Data excerpts
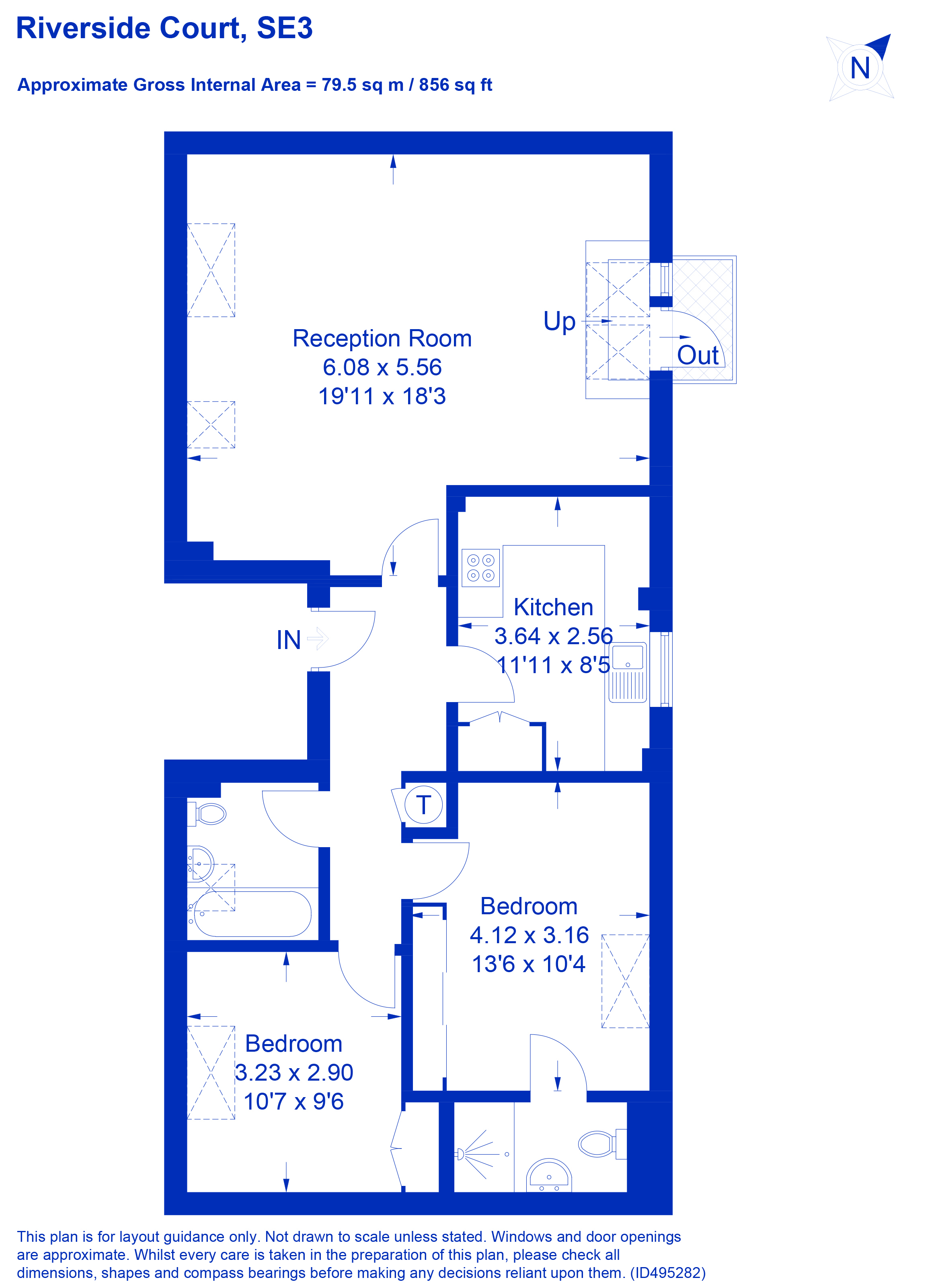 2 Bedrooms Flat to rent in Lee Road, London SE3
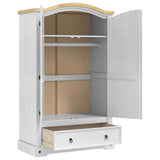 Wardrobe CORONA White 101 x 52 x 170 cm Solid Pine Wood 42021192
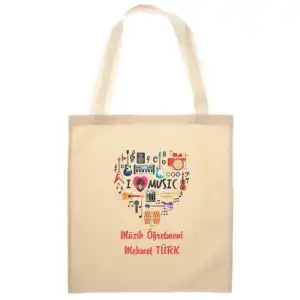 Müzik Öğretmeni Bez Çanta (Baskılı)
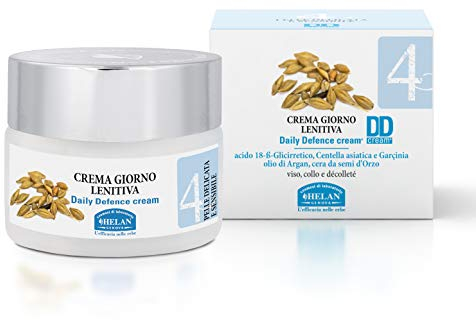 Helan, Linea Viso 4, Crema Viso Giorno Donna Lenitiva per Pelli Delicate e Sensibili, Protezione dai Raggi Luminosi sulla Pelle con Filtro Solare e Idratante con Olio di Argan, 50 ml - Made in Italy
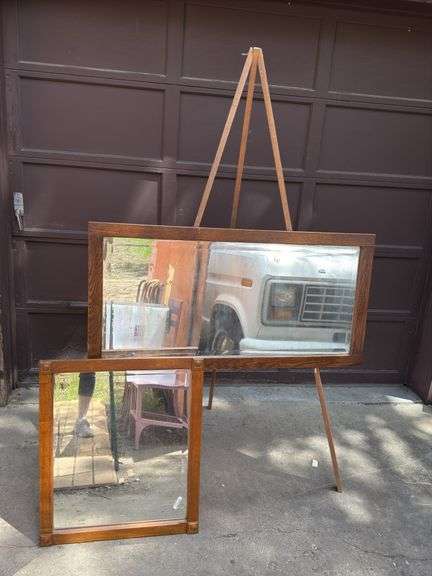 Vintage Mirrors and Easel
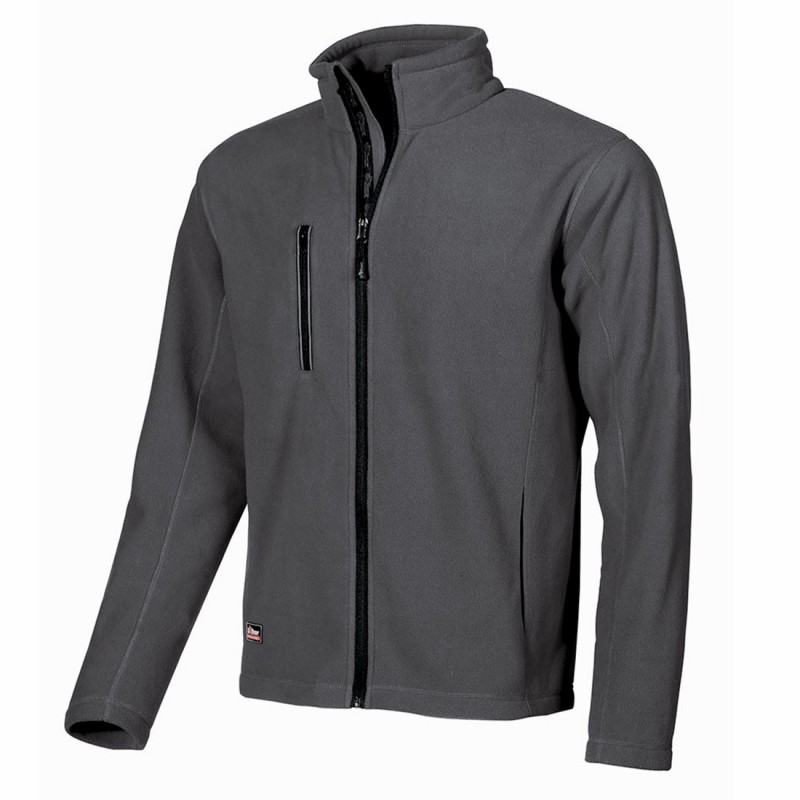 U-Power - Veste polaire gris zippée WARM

PROMPT: Each record should be given again exactly, with no picture carried over.

EXERCISE ANSWER:
 2 Bedrooms Flat to rent in Lee Road, London SE3
 Wardrobe CORONA White 101 x 52 x 170 cm Solid Pine Wood 42021192
 Müzik Öğretmeni Bez Çanta (Baskılı)
 Helan, Linea Viso 4, Crema Viso Giorno Donna Lenitiva per Pelli Delicate e Sensibili, Protezione dai Raggi Luminosi sulla Pelle con Filtro Solare e Idratante con Olio di Argan, 50 ml - Made in Italy
 Vintage Mirrors and Easel
 U-Power - Veste polaire gris zippée WARM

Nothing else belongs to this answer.